Still, regional analysts argue that the Gulf states are less concerned with the fate of either Pakistan or the Taliban, and more focused on advancing their own strategic agendas. Riyadh appears intent on drawing Pakistan into its new security arrangements, while Doha is seen as cultivating ties with the Taliban to strengthen its influence and promote Sunni interests across the region.
Conclusion
Afghanistan’s
future remains uncertain, and the stability of the broader region will largely
hinge on how major powers manage their competing interests through a
combination of diplomacy, conflict, and resource competition. Positioned at the
crossroads of Asia, Afghanistan has long been of strategic significance—a fact
even acknowledged by the renowned poet Mohammad Iqbal in his writings. The
country’s current decline can be attributed to multiple factors: the Taliban’s
narrow pursuit of self-interest, the nationalist and exclusivist agendas of
Pashtun elites, and the intersecting geopolitical rivalries of the United
States, Russia, and China.
Anyone who regards the Taliban as an ally is making a mistake—whether it be Russia, India, Pakistan, or the United States. As Caliph Ali ibn Abi Talib (600–661 CE) is often quoted: “A wise enemy is better than a foolish friend.” In the current situation, the Taliban and Khalilzad are simply buying time, while China emerges as the biggest beneficiary by drawing India closer and positioning itself to exploit Afghanistan’s natural resources. Meanwhile, the United States, Pakistan, and once again the Afghan people, end up as the losers in this new game of China and Taliban.
Notes
-Bagram
Airfield, formerly the largest U.S. military base in Afghanistan, is now under
Taliban control.

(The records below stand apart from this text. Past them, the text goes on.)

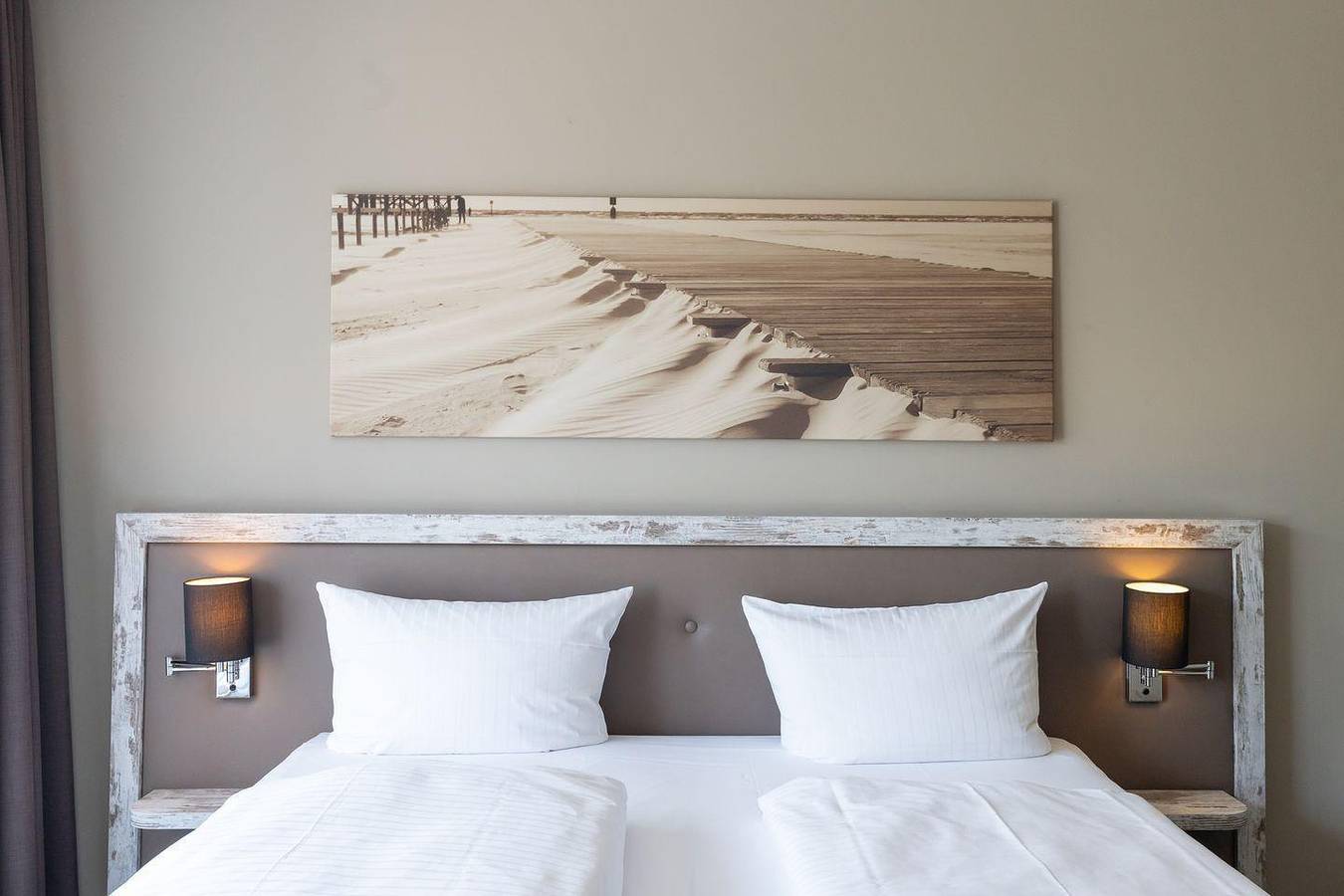 Hotel Strand No 1 - Doppelzimmer 1 - Landseite in St. Peter-Bad, St. Peter-Ording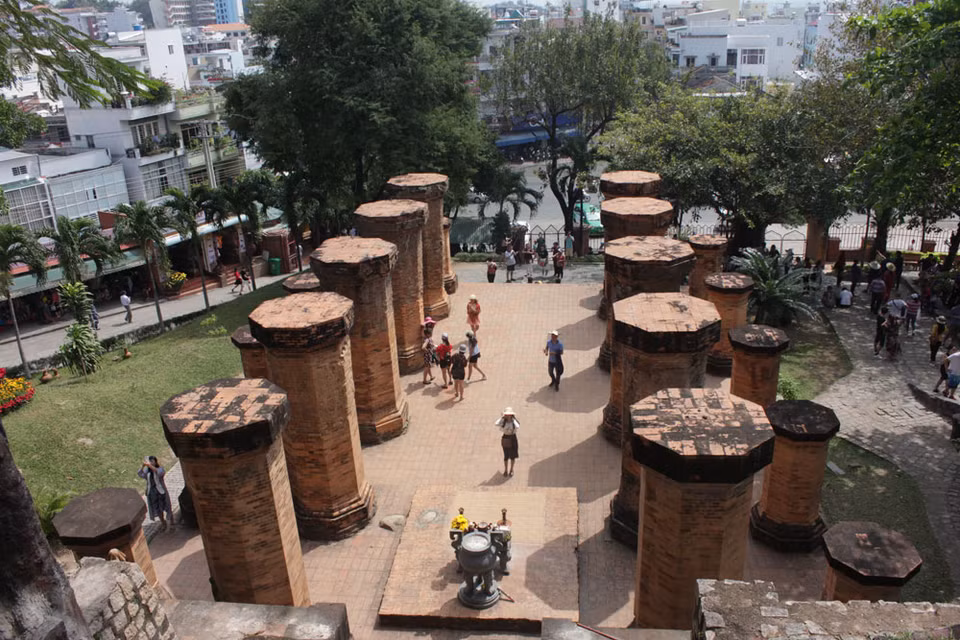 占婆塔遗迹群体包括门塔、Mandapa建筑、塔庙区​等遗迹（图片来源：越共电子报）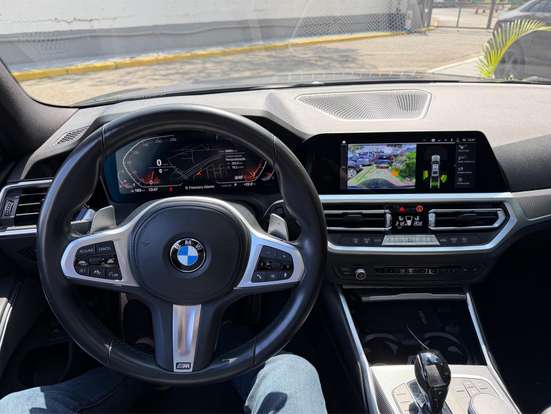 BMW-320i-2020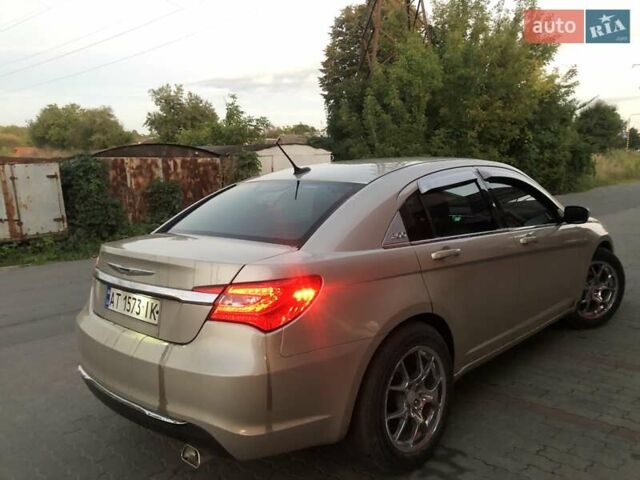 Бежевый Крайслер 200, объемом двигателя 2.4 л и пробегом 85 тыс. км за 8555 $, фото 19 на Automoto.ua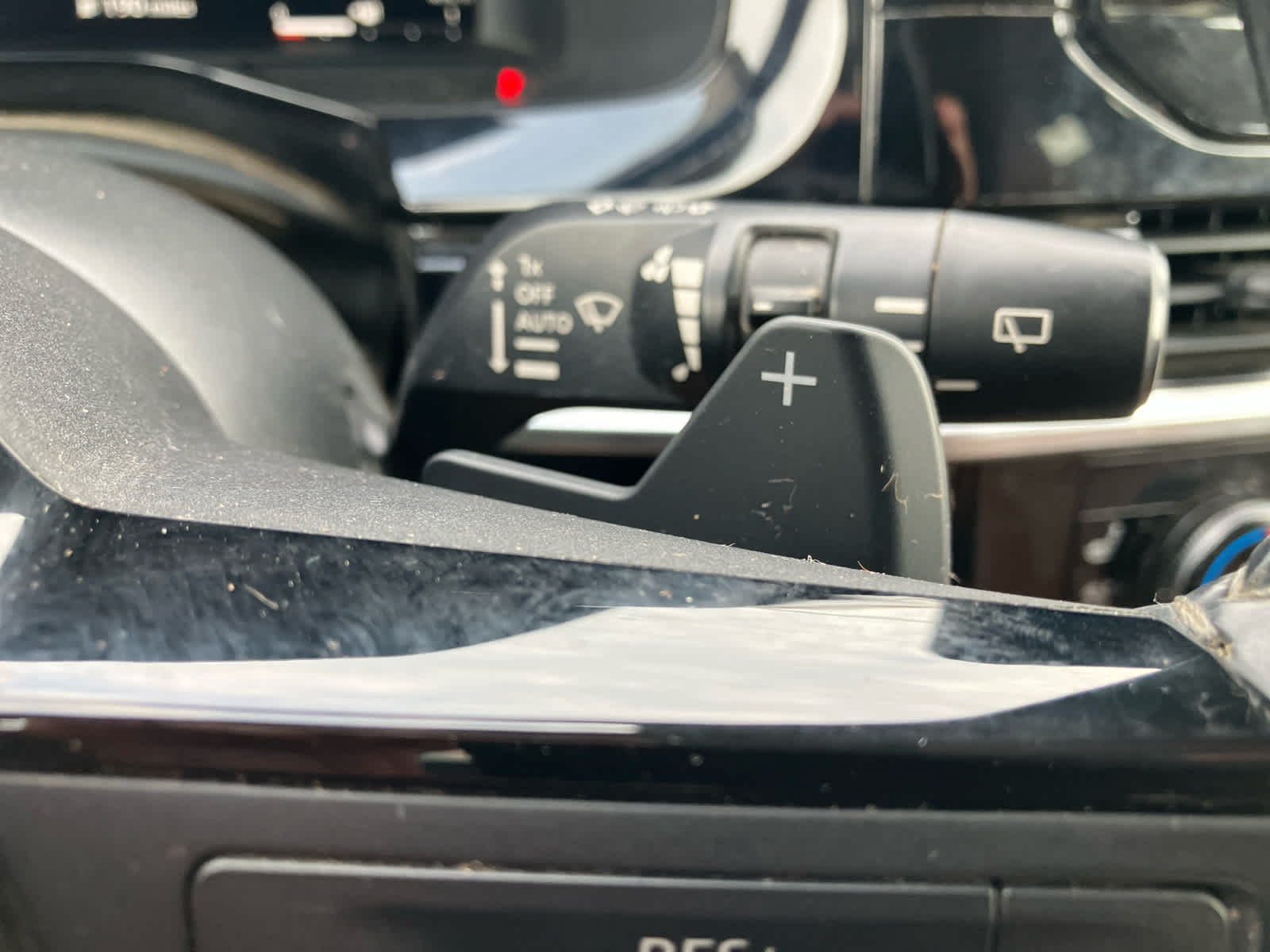 2023 Nissan Pathfinder photo 20 of 39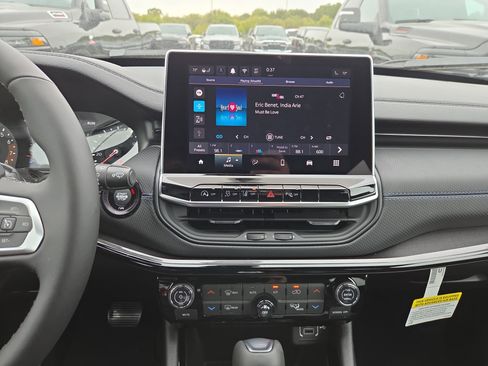 New 2026 Jeep Compass Limited image 10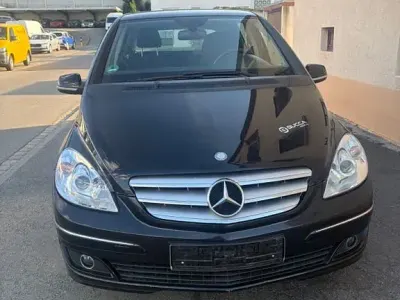 Gebraucht Mercedes B200 136 PS (100 kW) 2010 Schwarz Van / Kleinbus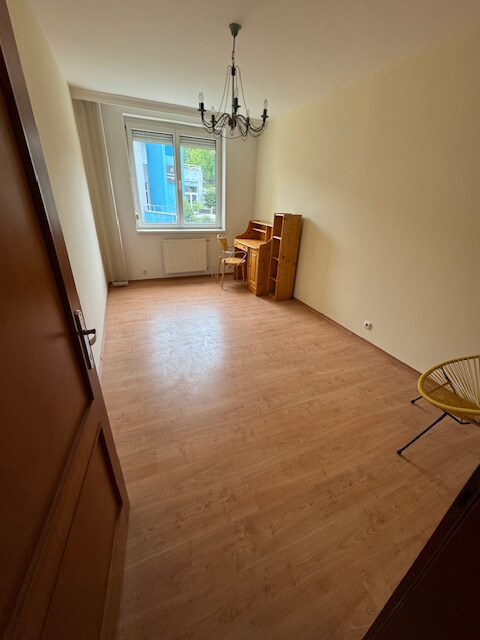 4 izbový byt prerobený na veľký 3 izbový, 124,9m2, podzemné parkovisko 1 miesto-6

The facility is believed to benefit from strategic guidance
provided either by China or by former Pashtun engineers linked to the Karzai
and Ghani governments, reflecting the broader shift in regional power dynamics.
-India is home to a significant Pashtun, or Pathan,
population, with communities primarily concentrated in states such as Uttar
Pradesh, Bihar, and Madhya Pradesh. Many of these families have lived in the
subcontinent for centuries, gradually blending into local cultures through a
long process of indigenization. While the surname "Khan" is commonly
associated with them, the community is diverse and often indistinguishable from
other Indian Muslim groups. Today, Pashtuns are predominantly Urdu-speaking and
represent the fourth-largest Muslim community in India.
The historical presence of Pashtuns in India is deeply
rooted, stretching back several centuries. One of the most notable figures in
this history is Ahmad Shah Durrani, also known as Ahmad Shah Abdali, the
founder of the Durrani Empire. Between 1748 and 1767, he launched several
invasions into Punjab and northern India. His most renowned triumph was at the
Third Battle of Panipat in 1761, where his forces decisively defeated the
Marathas, dealing a significant blow to their expanding power. However, despite
these military victories, Durrani was unable to establish lasting control over
India. Resistance from the Sikhs, coupled with the sheer vastness of the
territory, limited his ability to consolidate his conquests.